»»
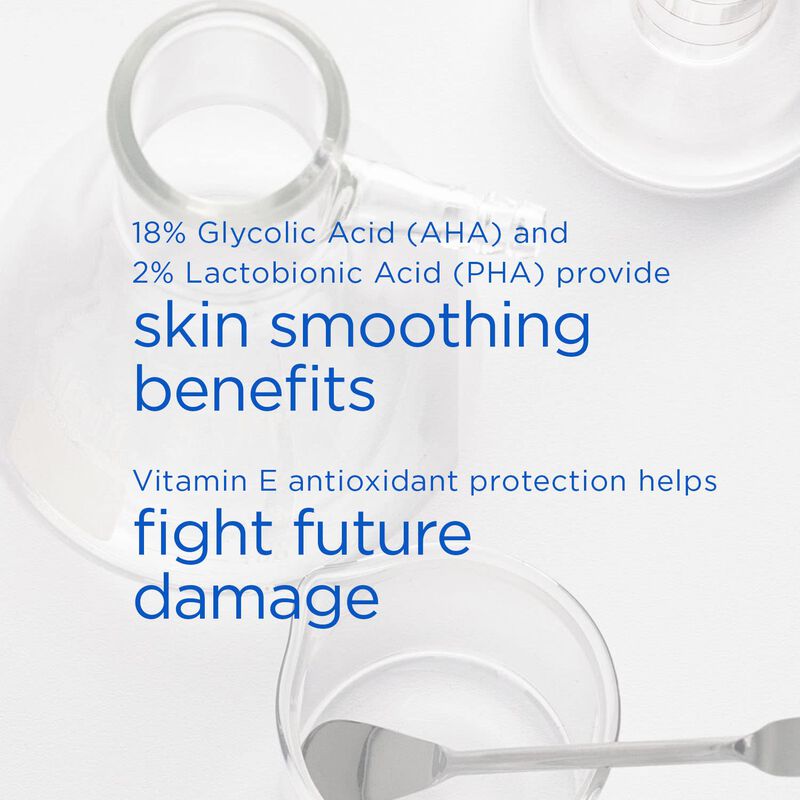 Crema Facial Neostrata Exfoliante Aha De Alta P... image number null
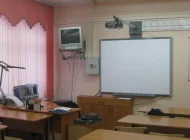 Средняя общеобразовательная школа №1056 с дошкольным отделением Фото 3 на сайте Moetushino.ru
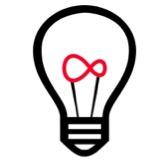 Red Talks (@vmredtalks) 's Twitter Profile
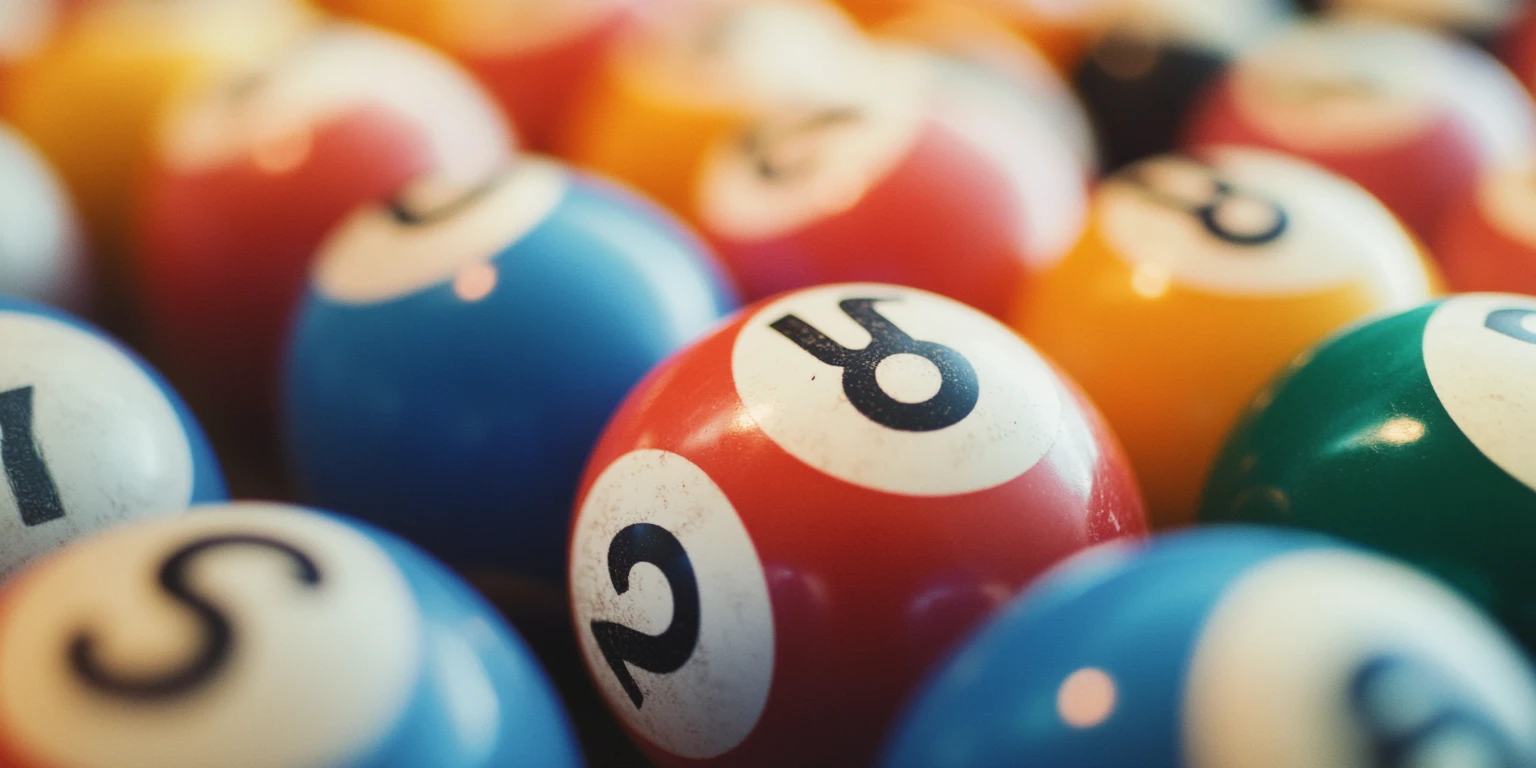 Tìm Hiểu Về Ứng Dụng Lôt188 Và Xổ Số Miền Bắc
««
Return the whole of the material above exactly, with no picture carried over.

 Crema Facial Neostrata Exfoliante Aha De Alta P... image number null
 Средняя общеобразовательная школа №1056 с дошкольным отделением Фото 3 на сайте Moetushino.ru
 Red Talks (@vmredtalks) 's Twitter Profile
 Tìm Hiểu Về Ứng Dụng Lôt188 Và Xổ Số Miền Bắc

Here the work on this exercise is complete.